→ Task description
No pictures go into the copy. Write out exactly the lines below from the one containing "Central Riverside Duplex Loft Prag" through the one containing "Quays Motel San".

→ Given records

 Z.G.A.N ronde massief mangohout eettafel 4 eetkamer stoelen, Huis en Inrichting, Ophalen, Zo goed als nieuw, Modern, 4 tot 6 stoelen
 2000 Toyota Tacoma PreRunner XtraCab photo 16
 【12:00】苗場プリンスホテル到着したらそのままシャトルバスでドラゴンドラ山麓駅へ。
...
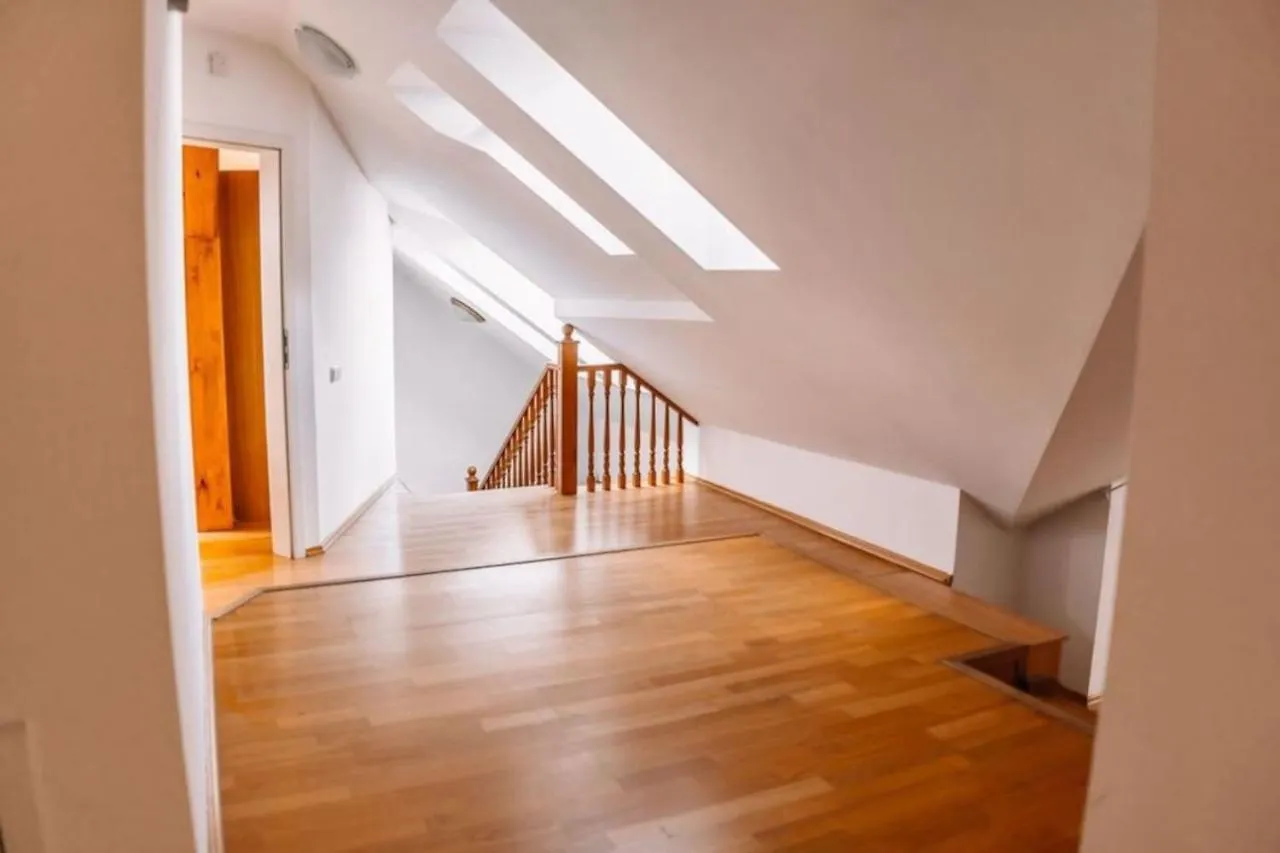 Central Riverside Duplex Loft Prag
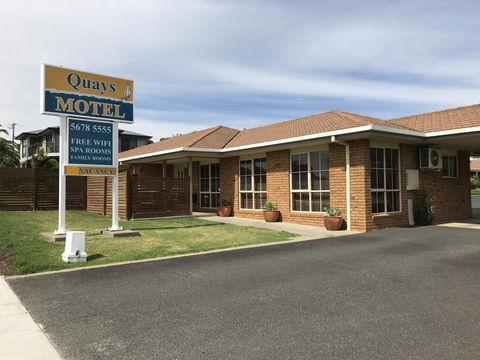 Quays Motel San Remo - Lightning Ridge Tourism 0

→ Solution for this exercise
 Central Riverside Duplex Loft Prag
 Quays Motel San Remo - Lightning Ridge Tourism 0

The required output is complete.